Follow-Up on PSL Internship at ISAW Library

By Fanny Mézard
11/14/2018

This summer the ISAW Library hosted Fanny Mézard as a digital publications intern in collaboration with the École nationale des chartes at the PSL University in Paris. Fanny contributed to the development of new features to our open-content scholarly journal, ISAW Papers, specifically looking into expanding the kinds of digital formats supported by the journal and exploring alternative presentations of the journal’s content. She documented this experience in her Masters thesis, Proposer de nouveaux usages pour les publications numeriques : l’exemple d’ISAW Papers. We are happy to report that in the intervening months Fanny successfully defended her thesis and received her Masters from the École nationale des chartes. In addition, she recently took a job developing a digital collection for Italian Studies at the Library of the University of Grenoble.

With my internship at the ISAW Library coming to a close, it is a good time to publish an update about the exciting projects I was lucky enough to work on with Patrick Burns during the second half of my internship, bringing ISAW Papers into the world of linked open data. As some of you may already know from my last post, I completed this internship while finishing a Masters in Technologies Numériques Appliquées à l'Histoire (Digital Technologies for History) at the École nationale des chartes at the PSL University in Paris. I worked with ISAW Papers from the very start of this internship and my first project with Sebastian Heath was to create ebooks for each of the articles. If you are curious, they can be found here. The ePub format makes it easy to download the individual Papers and read them either on an ebook reader or directly on a computer.
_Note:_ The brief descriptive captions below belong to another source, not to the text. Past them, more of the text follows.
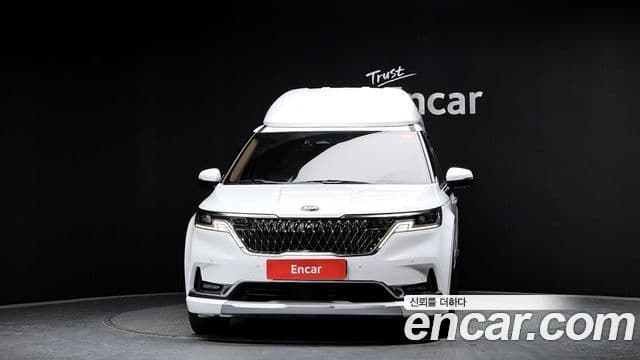 Kia Carnival 2021 — Фото 3/20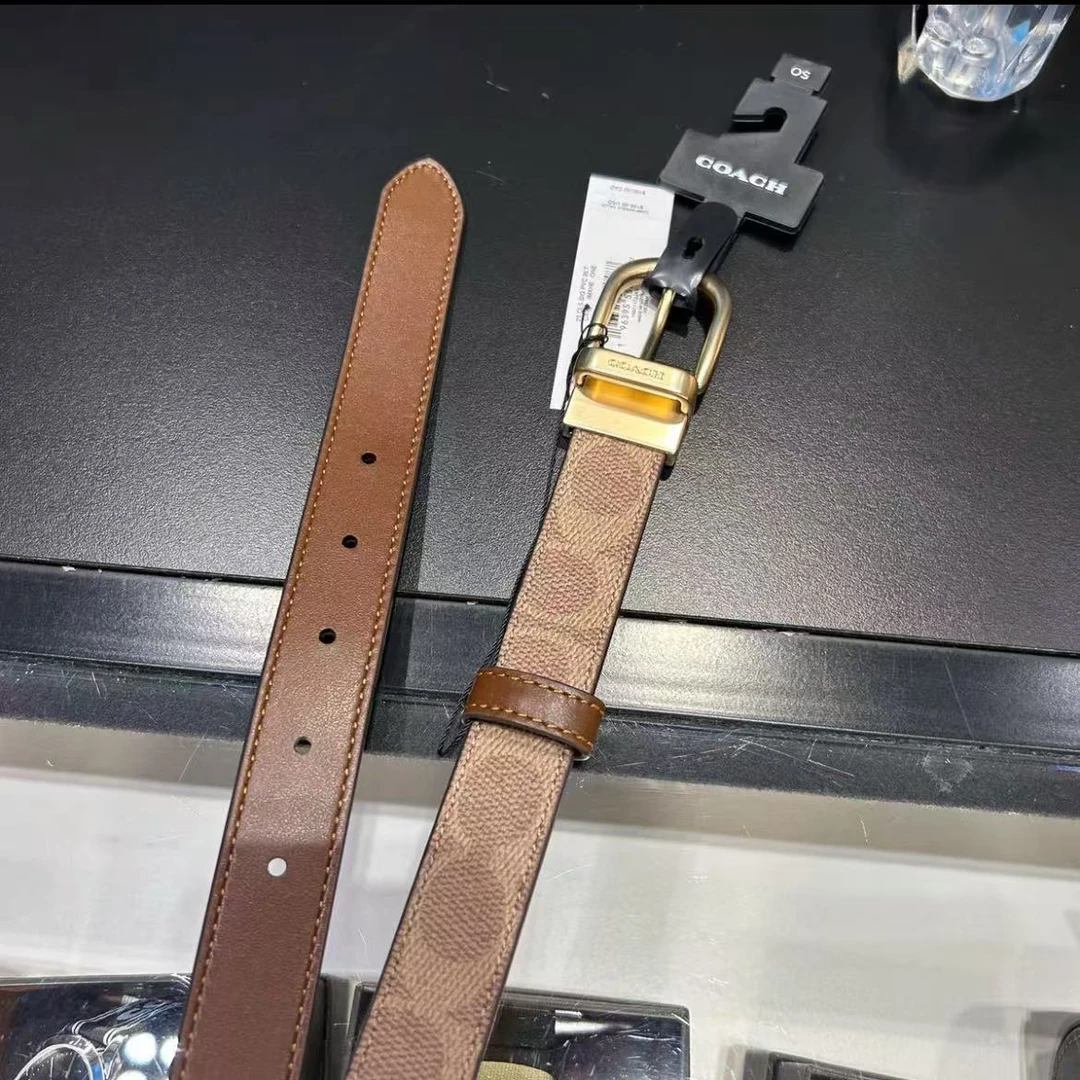 未使用 COACH/蔻驰 女士经典款针扣腰带双面皮带2.5cm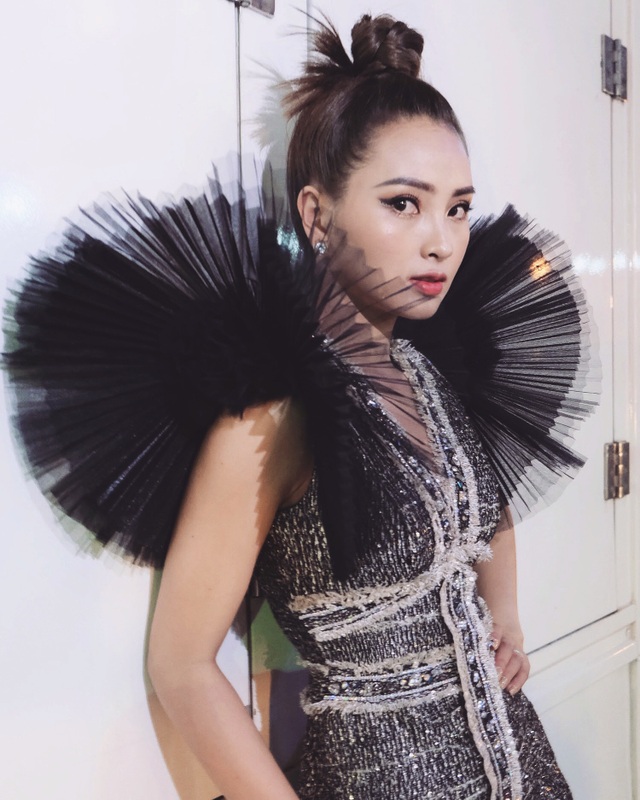 MC Huyền Trang “Mù Tạt” VTV: “Chị em tôi “đau đầu chóng mặt” vì bị giục lấy chồng” - 7 MC Huyền Trang “Mù Tạt” VTV: “Chị em tôi “đau đầu chóng mặt” vì bị giục lấy chồng” - 7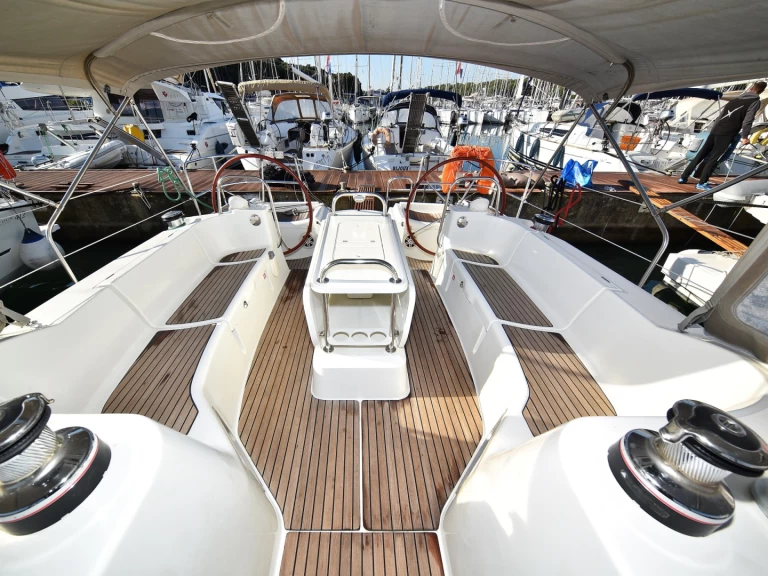 Charter a Jeanneau Sun Odyssey 44i in Pula on Samboat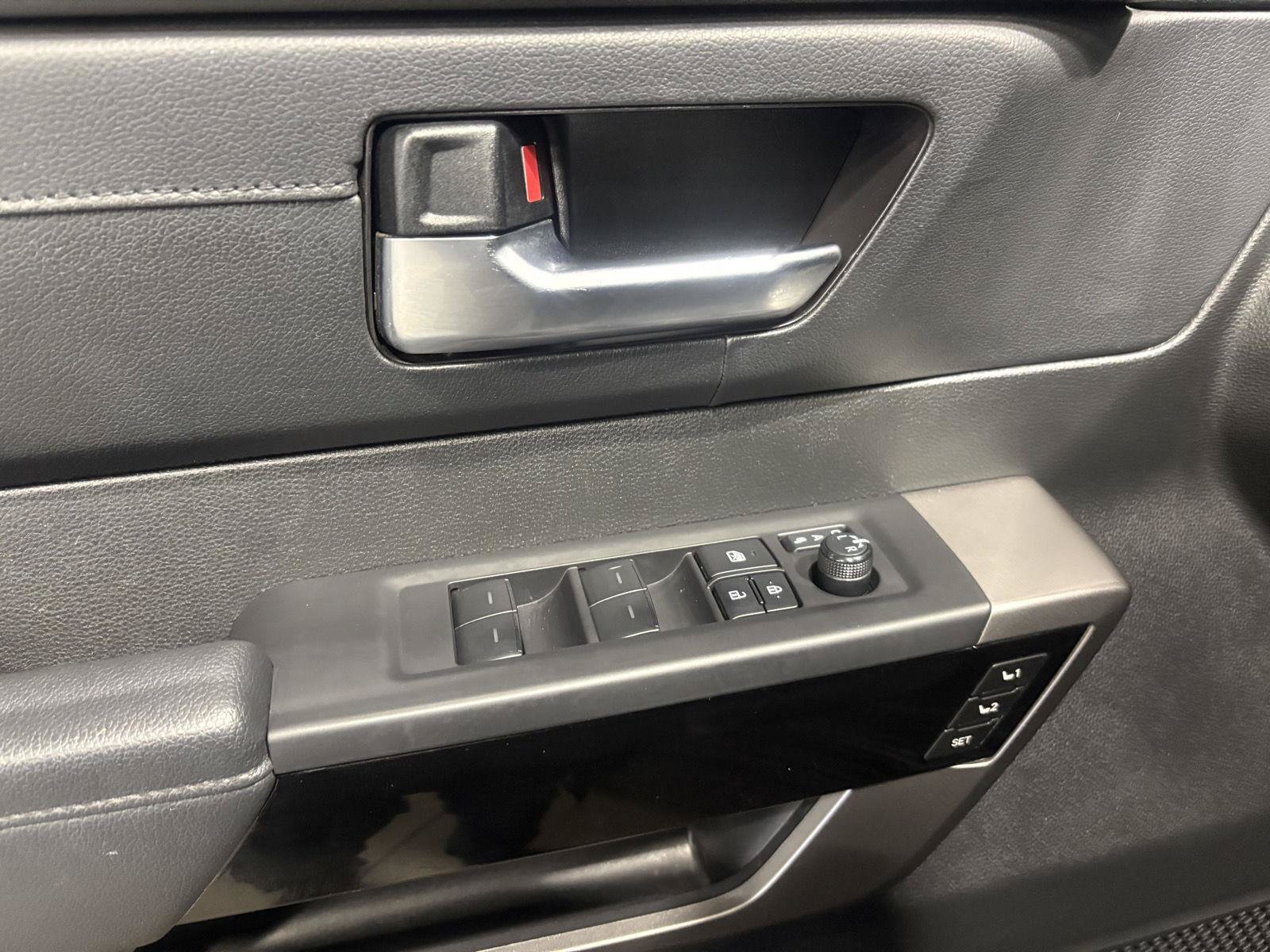 Used 2025 Toyota Sequoia 4WD image 18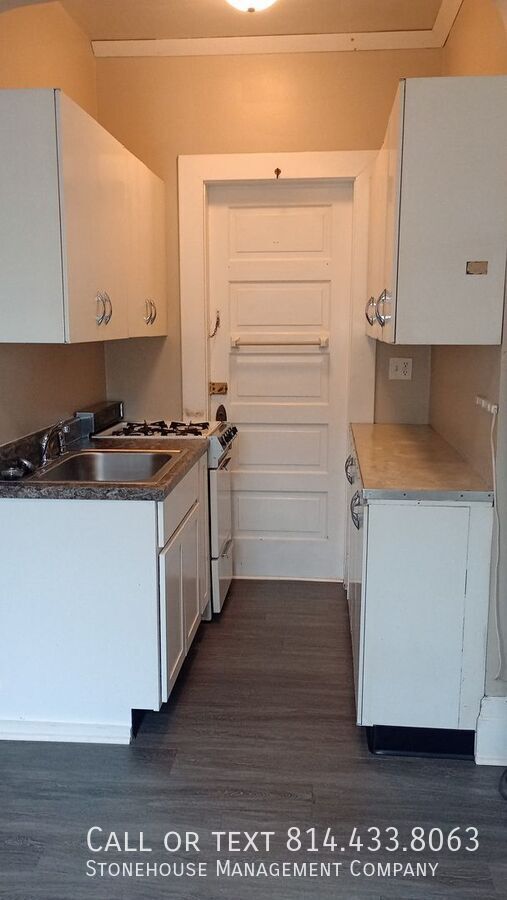 Building Photo - 440 W 10th St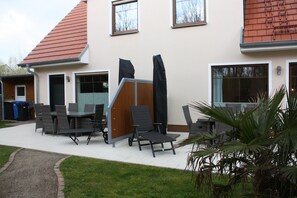 Outdoor dining - Vrbo Property (Klütz)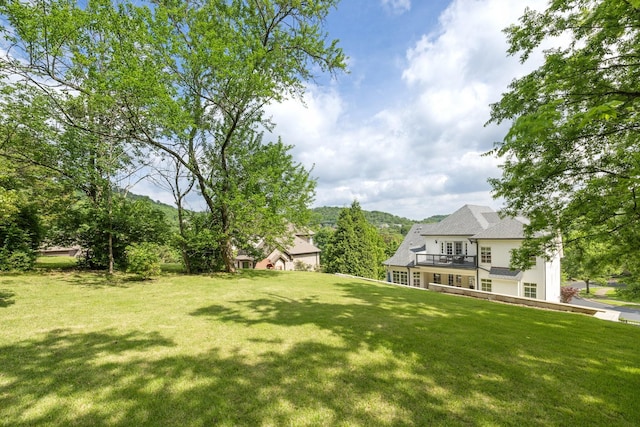 109 Allenhurst Cir, Franklin, TN 37067 - view of grassy yard featuring a balcony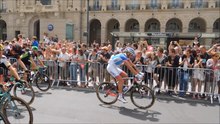 Plik: TourDeFrance2015 Etape8 PassageRennes.webm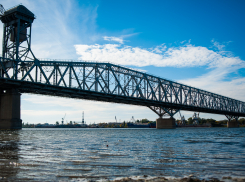 В Астрахани на Старом мосту ограничат движение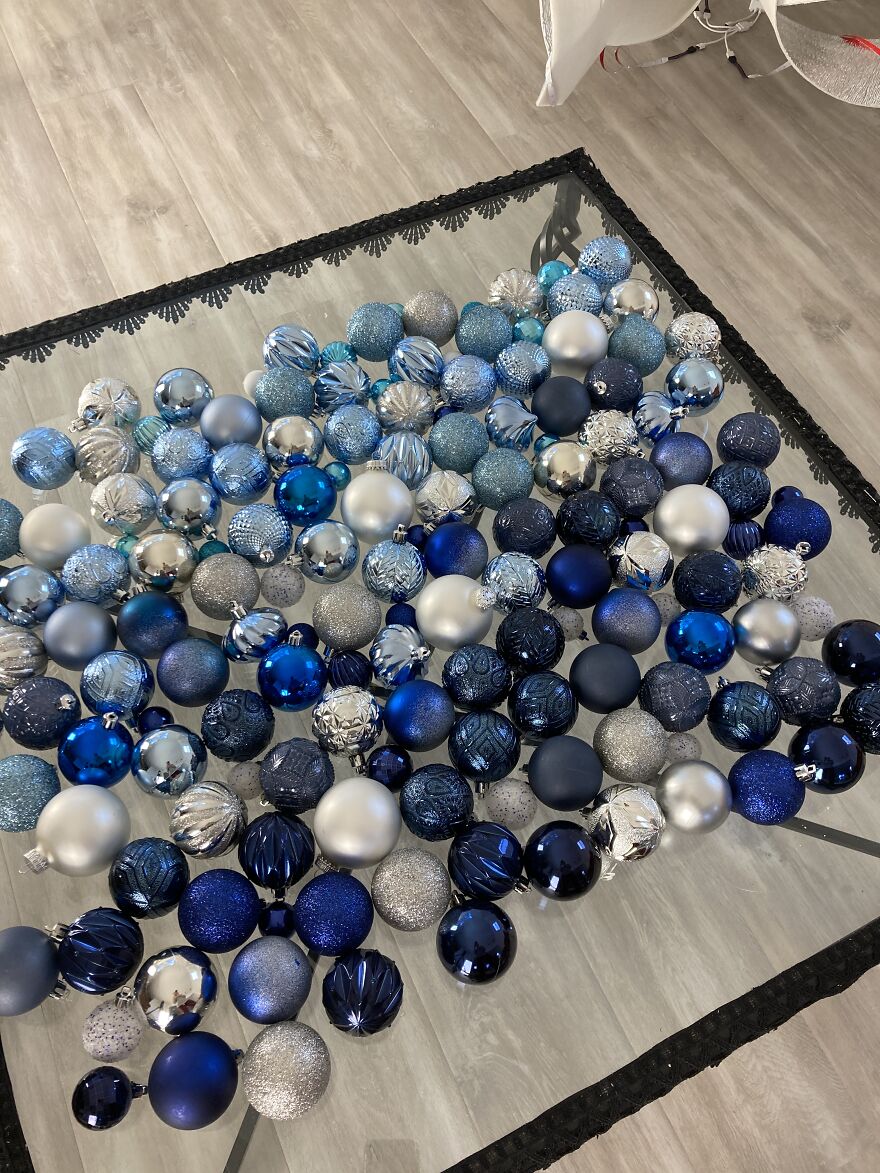 We Made A Floating Christmas Tree From Reflective Foam Insulation, And Here’s The Result We Made A Floating Christmas Tree From Reflective Foam Insulation, And Here’s The Result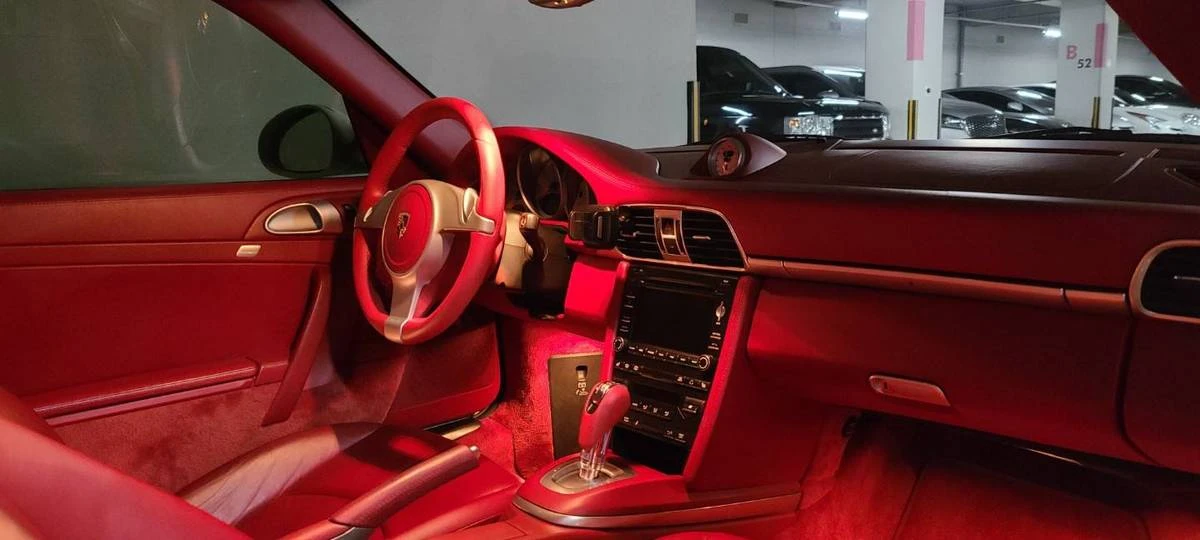 2009 Porsche 911 - Image 6 of 8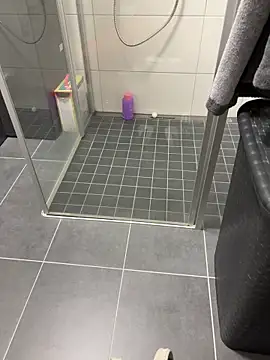 Snapshot of b3no_beso007 chatting on 28, 10, 2025 b3no beso007 online show from 28, 10, 2025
During the second part of my internship, I worked on improving the discoverability of the Papers and creating new ways of using and reusing the journal contents as a data source. Patrick and I decided to create several types of academic indexes—such as an index locorum, an index verborum, etc.—for the articles, an Index Indicum or “Index of Indexes,” if you will. The idea is to create new access points for the readers of ISAW Papers. The challenge was that we wanted to generate these indexes dynamically, so that they can scale automatically as new issues of ISAW Papers are added. We also wanted these new access points to be attractive and intuitive, so we developed a small web application with a page for each index, with all of those pages linked to the papers.

Some of the indexes are quite basic, little more than a proof of concept for the project, presenting a reader with a simple list of articles and their authors. But other indexes are more involved and genuinely capitalize of the idea of journal-as-data. For example, an “index” is a map of all the places that are referred to in the Papers that have corresponding entries in the Pleiades, the online gazetteer of the ancient world. Using this map, you can explore the articles geographically, taking in at once all of the places that are cited either in ISAW Papers as a whole or in a defined subset of them. From this map you can link through to both the Pleiades page for the specific place and the paragraph of ISAW Papers where the place is cited. You can also display text from the articles referring to these places directly under the map.

Other indexes are little more than experiments at the moment. I used a word-ranking formula to extract lists of significant words in a given article. Here are the lists—I will let you decide if you think that those lists are representatives of the general contents of the articles. (And please send feedback to !) Lots of room for improvement, but also a good step forward in thinking of how to reimagine the academic journal article as a dataset and develop innovative scholarly apparatus from this data.

I hope that these features represent new and useful ways of exploring the content of the Papers. There are still many other indexes and other types of access points one could build, so expect this project to continue to grow and evolve. I was really happy to play a role in its initial development and I learned a great deal from working of this project. Thank you and au revoir!